Aquellos días —lo juro— los niños hacían teatro por la tarde y sus padres tomaban café en el barrio. Se vendían partituras, pinceles, blocs de dibujo. El arte tiraba del comercio, la cultura generaba empleo, el talento tenía un sitio al que acudir. Y después, cuando tocaba exhibir lo aprendido, el Florida se llenaba. Era un ciclo perfecto, como el de la lluvia y la cosecha. Hasta que alguien decidió que eso no valía la pena, que no era rentable, que bastaba con abrir el museo solo de mañana y trasladar la Fundación a las traseras de Capitán Ontañón.

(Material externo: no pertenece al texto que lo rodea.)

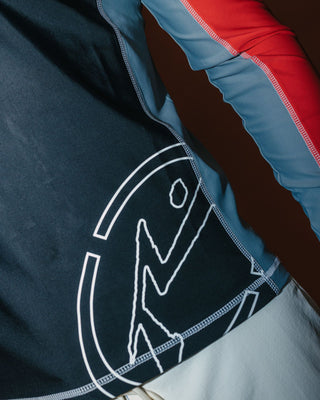 Man wearing Spitfire Long Sleeve Surf Top in Black 1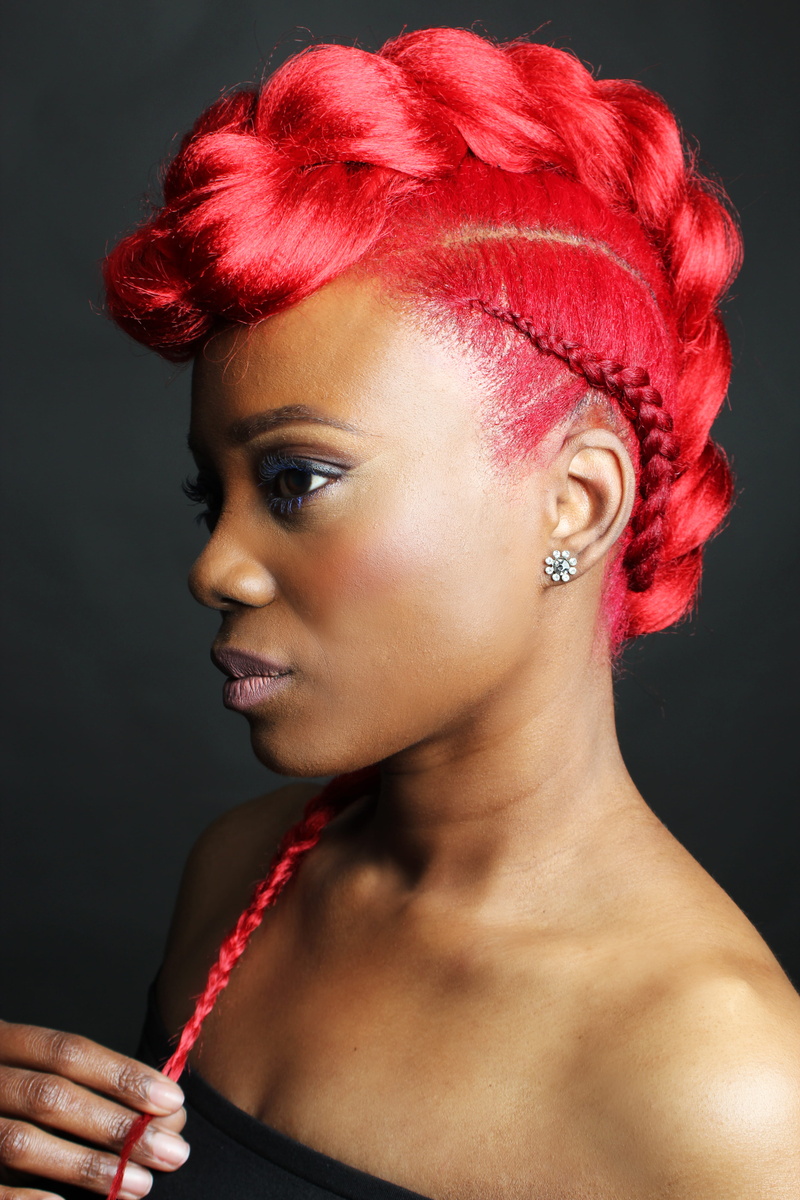 hairstyle, woman, female red cornrow, wear, portrait, front view, one person, black background, indoors, young adult, lifestyles, cornrow, close-up, beautiful woman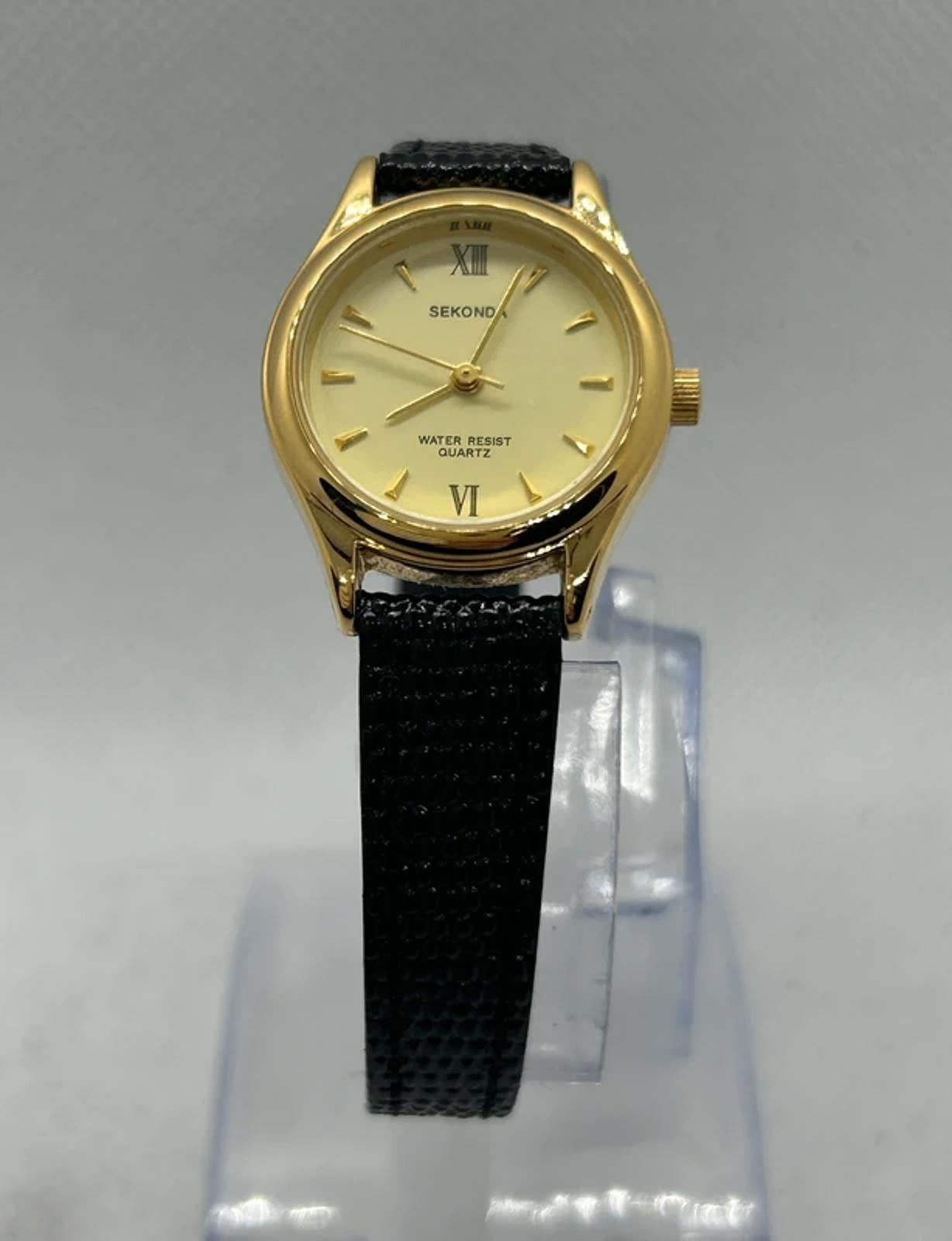 Ladies gold Sekonda case and dial with black strap with box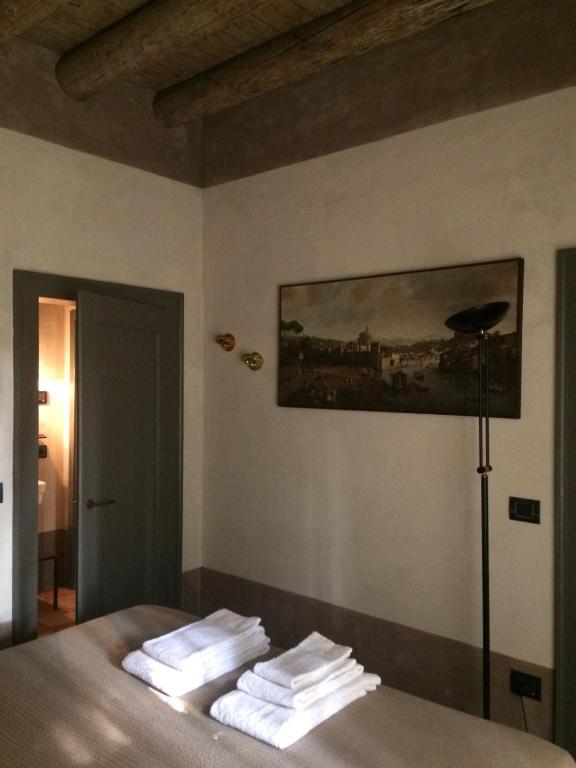 Postel nebo postele na pokoji v ubytování B&B Molino2Rosso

Y así, como quien apaga una lámpara para ahorrar, dejamos el barrio en tinieblas.
Lo de Chipi el otro día fue una luz. Una posibilidad. Una advertencia. Una pregunta que late con fuerza: ¿Por qué no puede ser siempre así? ¿Por qué no tenemos una Fundación viva, un teatro útil, una política cultural con nervio y ambición? ¿Por qué no aspirar a llenar las calles de cultura en vez de dejar que la noche se llene de miedo?
Tal vez porque eso implicaría gobernar pensando en el bien común, pero aquí seguimos a oscuras, incluso cuando sube el telón.